#### AIM OF THE TASK:
Repeat exactly the lines from the line containing "Манга Соблазнить друга - Глава 29 Страница 8" through the last line of the records below, inclusive, and nothing else.

#### ENTRIES SHOWN:
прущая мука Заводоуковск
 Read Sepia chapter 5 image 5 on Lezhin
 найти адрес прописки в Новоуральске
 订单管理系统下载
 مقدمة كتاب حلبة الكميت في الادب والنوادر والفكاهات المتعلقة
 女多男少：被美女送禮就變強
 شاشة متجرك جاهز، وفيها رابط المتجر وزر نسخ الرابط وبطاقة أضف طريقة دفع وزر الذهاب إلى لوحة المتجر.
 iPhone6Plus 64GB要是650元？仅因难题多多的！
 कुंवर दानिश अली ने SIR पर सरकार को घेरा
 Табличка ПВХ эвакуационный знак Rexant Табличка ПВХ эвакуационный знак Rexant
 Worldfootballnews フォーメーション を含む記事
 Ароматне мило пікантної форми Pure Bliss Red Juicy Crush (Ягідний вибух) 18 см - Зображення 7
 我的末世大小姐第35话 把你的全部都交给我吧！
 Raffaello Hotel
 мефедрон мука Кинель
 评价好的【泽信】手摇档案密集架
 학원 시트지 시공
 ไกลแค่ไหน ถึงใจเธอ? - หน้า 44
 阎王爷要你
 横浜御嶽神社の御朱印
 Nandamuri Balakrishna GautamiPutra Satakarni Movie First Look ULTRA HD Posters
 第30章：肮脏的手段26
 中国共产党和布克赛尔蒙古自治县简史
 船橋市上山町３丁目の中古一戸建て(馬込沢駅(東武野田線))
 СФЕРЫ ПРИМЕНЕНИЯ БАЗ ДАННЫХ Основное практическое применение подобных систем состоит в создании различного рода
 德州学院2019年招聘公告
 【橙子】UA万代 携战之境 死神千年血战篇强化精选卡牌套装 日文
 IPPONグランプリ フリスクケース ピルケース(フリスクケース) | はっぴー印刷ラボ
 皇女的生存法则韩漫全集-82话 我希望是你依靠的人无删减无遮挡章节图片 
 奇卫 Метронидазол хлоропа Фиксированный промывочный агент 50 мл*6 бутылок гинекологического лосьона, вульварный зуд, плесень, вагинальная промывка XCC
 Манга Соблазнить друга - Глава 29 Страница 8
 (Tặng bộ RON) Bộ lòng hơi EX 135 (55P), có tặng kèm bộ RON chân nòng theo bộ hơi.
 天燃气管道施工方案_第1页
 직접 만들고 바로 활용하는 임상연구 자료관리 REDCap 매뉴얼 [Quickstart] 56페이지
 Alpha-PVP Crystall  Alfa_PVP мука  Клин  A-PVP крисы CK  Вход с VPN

#### EXERCISE OUTPUT:
 Манга Соблазнить друга - Глава 29 Страница 8
 (Tặng bộ RON) Bộ lòng hơi EX 135 (55P), có tặng kèm bộ RON chân nòng theo bộ hơi.
 天燃气管道施工方案_第1页
 직접 만들고 바로 활용하는 임상연구 자료관리 REDCap 매뉴얼 [Quickstart] 56페이지
 Alpha-PVP Crystall  Alfa_PVP мука  Клин  A-PVP крисы CK  Вход с VPN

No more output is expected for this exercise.